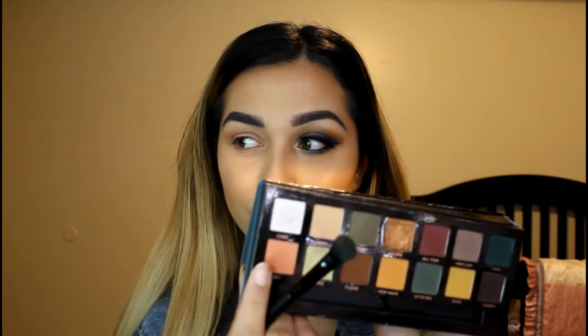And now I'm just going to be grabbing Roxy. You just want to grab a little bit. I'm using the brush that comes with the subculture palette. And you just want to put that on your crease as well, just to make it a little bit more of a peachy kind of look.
* * *
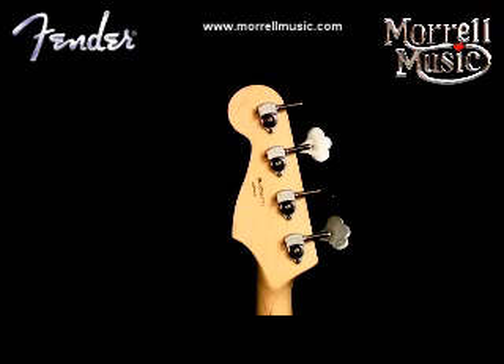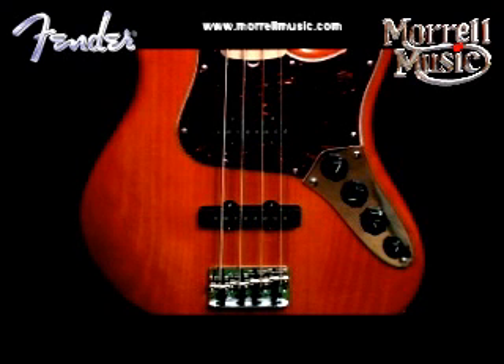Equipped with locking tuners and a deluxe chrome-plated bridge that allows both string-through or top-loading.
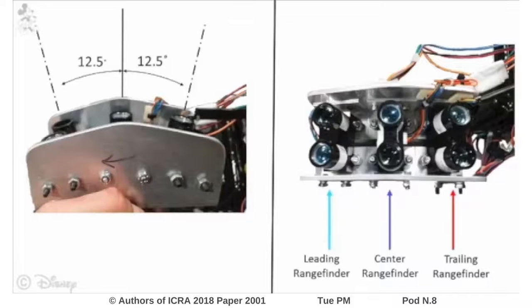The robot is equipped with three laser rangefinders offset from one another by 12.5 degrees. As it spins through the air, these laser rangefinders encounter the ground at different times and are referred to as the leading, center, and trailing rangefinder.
--
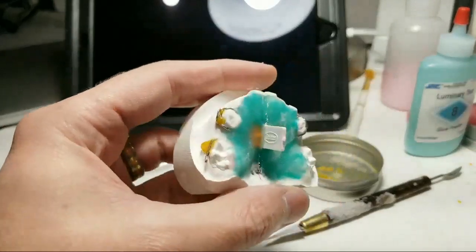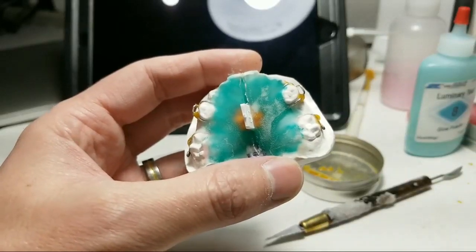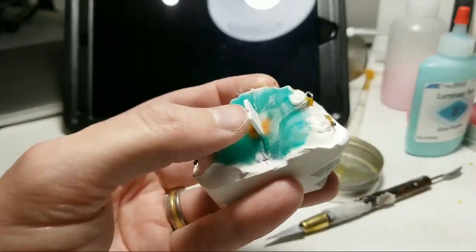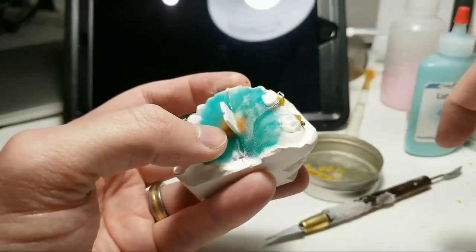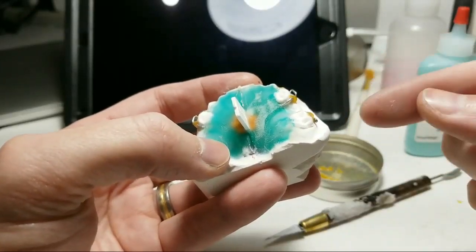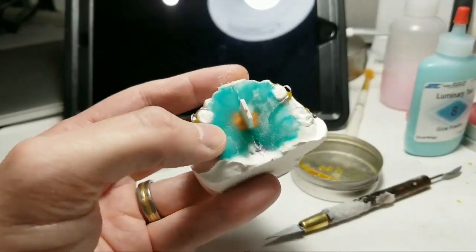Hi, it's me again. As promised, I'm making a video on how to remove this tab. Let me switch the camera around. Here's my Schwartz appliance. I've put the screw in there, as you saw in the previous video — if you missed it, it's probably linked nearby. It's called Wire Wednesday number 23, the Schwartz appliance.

● **TASK GOAL**: Without the pictures, give again exactly the lines above starting at the line containing "Equipped with locking" and ending at the line containing "The robot is".

● **REPLY TO THE TASK**:
Equipped with locking tuners and a deluxe chrome-plated bridge that allows both string-through or top-loading.
The robot is equipped with three laser rangefinders offset from one another by 12.5 degrees. As it spins through the air, these laser rangefinders encounter the ground at different times and are referred to as the leading, center, and trailing rangefinder.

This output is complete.